Эти строки пишутся в журнале, который 16 лет назад возник в результате разногласий между его основателями и руководством издательского дома «Коммерсантъ». Разногласия были разрешены учреждением нынешнего журнала. Будь законодательство о СМИ подобно нынешнему законодательству о партиях, от пытающихся учредить новое издание потребовали бы предъявить 45 тысяч подписчиков еще не выходящего журнала — и со всеми паспортными данными, и чтобы подписчики наличествовали не менее чем в половине субъектов федерации, и еще много чего бы потребовали, и в результате никакого нового журнала заведомо не было бы.
Пример приведен для разъяснения того, что нынешний закон о политических партиях мог бы состоять из одной статьи: «Список разрешенных в РФ политических партий является закрытым. Создание новых партий не дозволяется». После чего возникает вопрос, что же делать в рамках существующего порядка, если все-таки хочется как-то заниматься политикой.

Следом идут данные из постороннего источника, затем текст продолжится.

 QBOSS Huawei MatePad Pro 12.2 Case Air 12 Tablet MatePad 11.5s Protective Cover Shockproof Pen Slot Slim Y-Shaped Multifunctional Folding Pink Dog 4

Журнальный пример был приведен выше не случайно, поскольку в области СМИ такие ситуации вполне имели место. Изданный в 1826 г. Устав о цензуре именовали «чугунным», а в нынешнее время, скорее всего, назвали бы «Законом об основных гарантиях прав читателей». Уже исходный устав был чугунен до крайности, а последующие правки давали читателям дополнительные гарантии. С 1832 г. разрешать учреждение новых изданий мог только государь император, а в 1836 г. на поданном ему прошении Николай Павлович начертал: «И без того много». Спустя две недели после этой резолюции министр народного просвещения С. С. Уваров издал циркуляр о том, что «Представление о дозволении новых периодических изданий на некоторое время запрещается». Некоторое время продлилось двадцать лет — вплоть до начала царствования Александра II.

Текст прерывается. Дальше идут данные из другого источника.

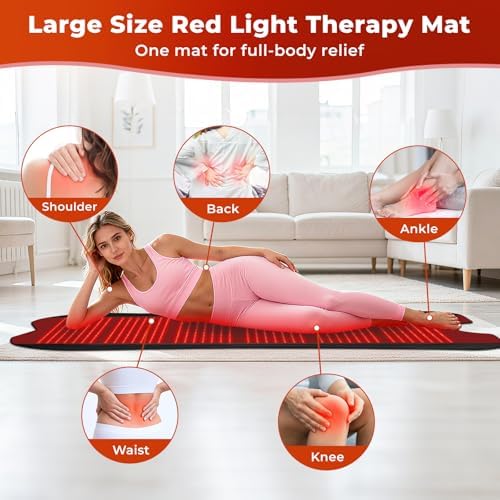 Red Light Therapy for Body, Eligible Red Light Therapy Pad, Dual Chip Grade (660nm & 850nm) Light Therapy Mat with Timer Remote Control, 76.8''x39.4'' - Image 2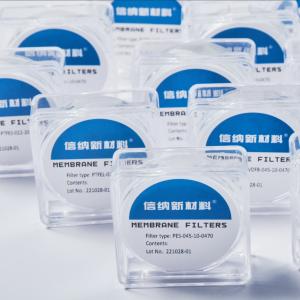 Wholesale 0.45μm 47mm PES Filter Membrane Discs Non Sterile For Microbiological Analysis from china suppliers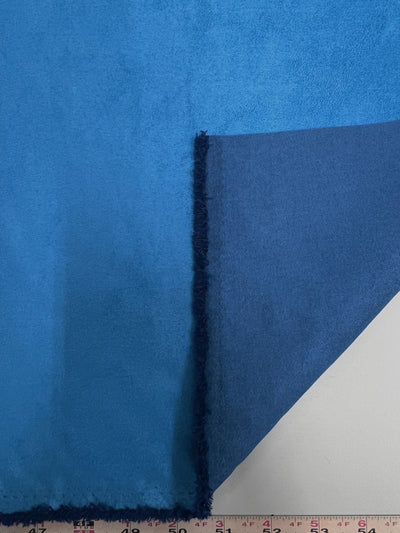 Giana ROYAL BLUE Faux Suede Polyester Microsuede Fabric by the Yard - 10223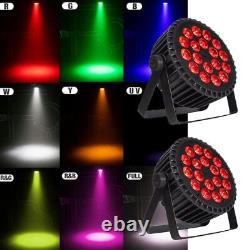 Color Changing DJ Party 18x12w UV Par Lighting RGBW LED Stage Light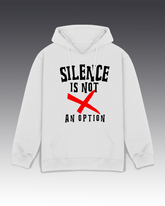 DIYANYONE Original "SILENCE IS NOT AN OPTION" Hoodie - Heavyweight Cotton Blend Activism Pullover, Social Justice Statement Hoodies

Чугуний был самого высокого качества, но вода способна точить хоть камень, хоть чугуний. Когда нельзя учреждать новые, можно покупать у владельца уже существующие. Знаменитые в истории русской словесности «Отечественные записки» А. А. Краевского явились в результате покупки этого журнала у П. П. Свиньина, под началом которого они были нимало не либеральствующие, но парадно-патриотические — что-то вроде журнала «Советский Союз» под редакцией Героя Социалистического труда Н. М. Грибачева.
Сходная практика перекрещивания порося в карася наличествовала не только при николаевской, но и при позднесоветской цензуре. Первые новоучрежденные СМИ появились только в 1990 г., а до этого весь печатный либерализм («Огонек», «Московские новости», многотиражки «Век XX и мир» и даже «Советский цирк») делался так, что бралось прежнее свиньинское издание и переиначивалось на новый лад. Причем позднесоветская практика была налажена еще в брежневские времена. Журналы «Наука и жизнь» (а наипаче того «Химия и жизнь» и «Знание — сила») были именно такими образцами идейной контрабанды, т. е. наливания нового вина (разумеется, дозволенной крепости) в старые свиньинские мехи. Когда нельзя учреждать новое, изобретаются способы переиначивать старое.

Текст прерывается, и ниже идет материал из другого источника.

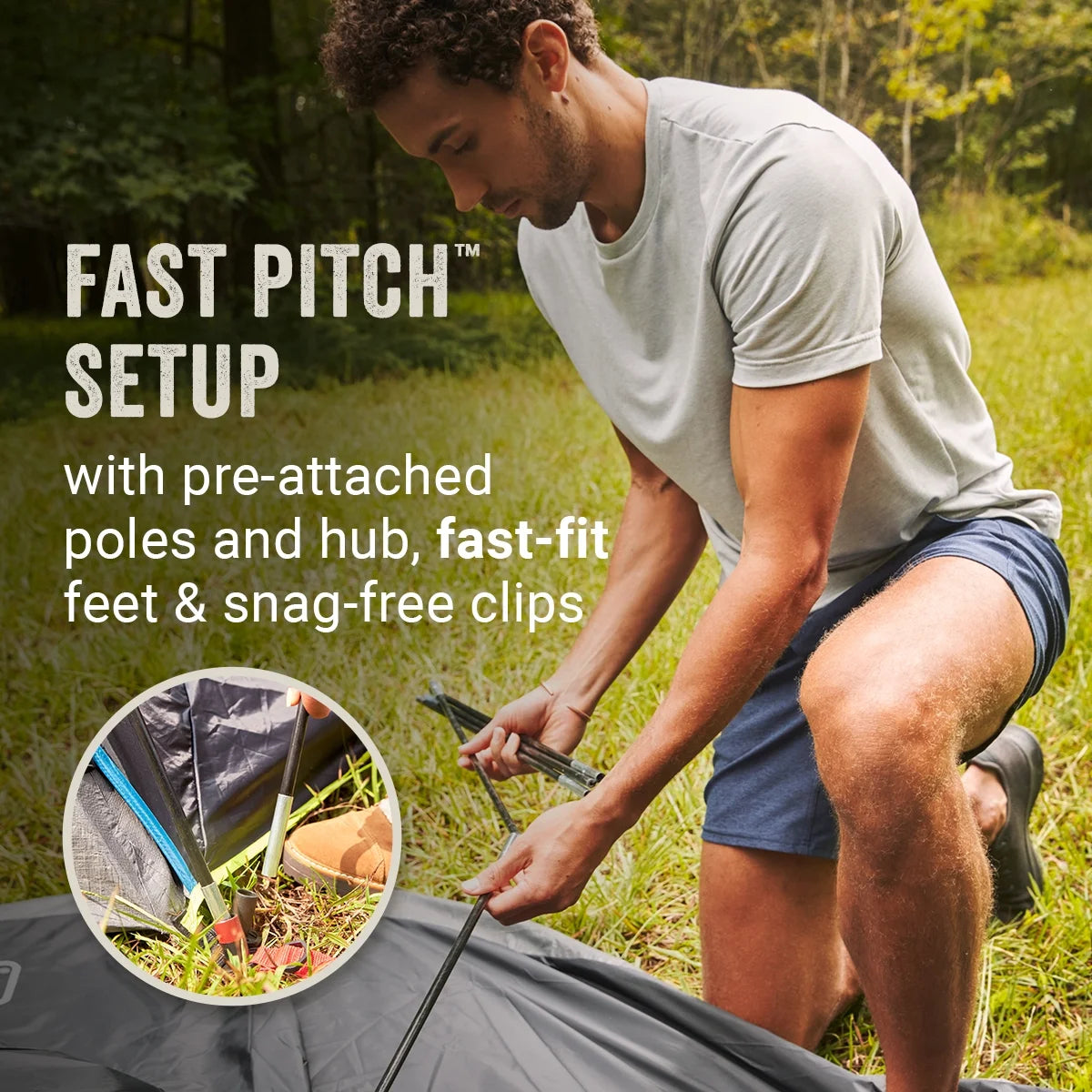 Coleman 4-Person Carlsbad Dark Room Dome Camping Tent with Screen Room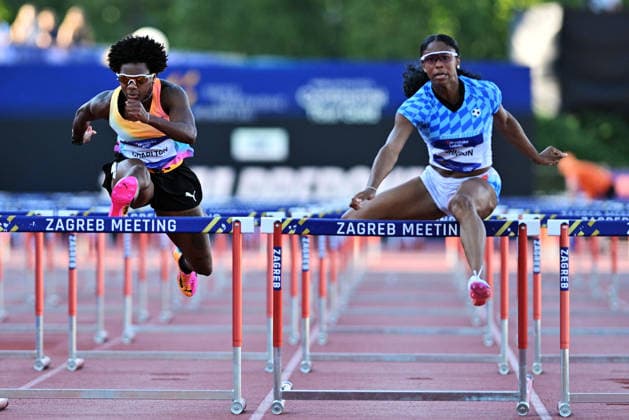 Zagreb, 260626. Sportski park Mladost. Zagreb Meeting, 76th Boris Hanzekovic Memorial. In the photo: Women s 100 m hurdles. Photo: Damir Krajac CROPIX Zagreb Croatia Copyright: xxDamirxKrajacx dk_zagreb_meeting135-260626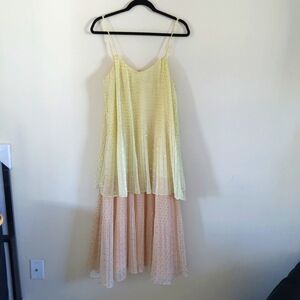 Zara pleated Polka Dot Metallic Dress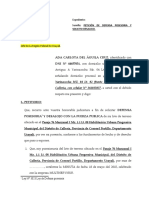 Defensa Posesoria Extra Judicial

Идя еще дальше в историю, можно вспомнить практику покупки патентов на занятие должностей в дореволюционной Франции. Патент вполне официально котировался, купив его и послужив, например, советником парламента, при уходе на покой его можно было продать (Свиньин сделал со своими «Записками» именно это). В случае с патентами, правда, имела место естественная ограниченность предложения, тогда как в случае с партиями и журналами речь идет об его искусственном ограничении, но логика примерно сходная. Редкость товара не означает его принципиальной недоступности.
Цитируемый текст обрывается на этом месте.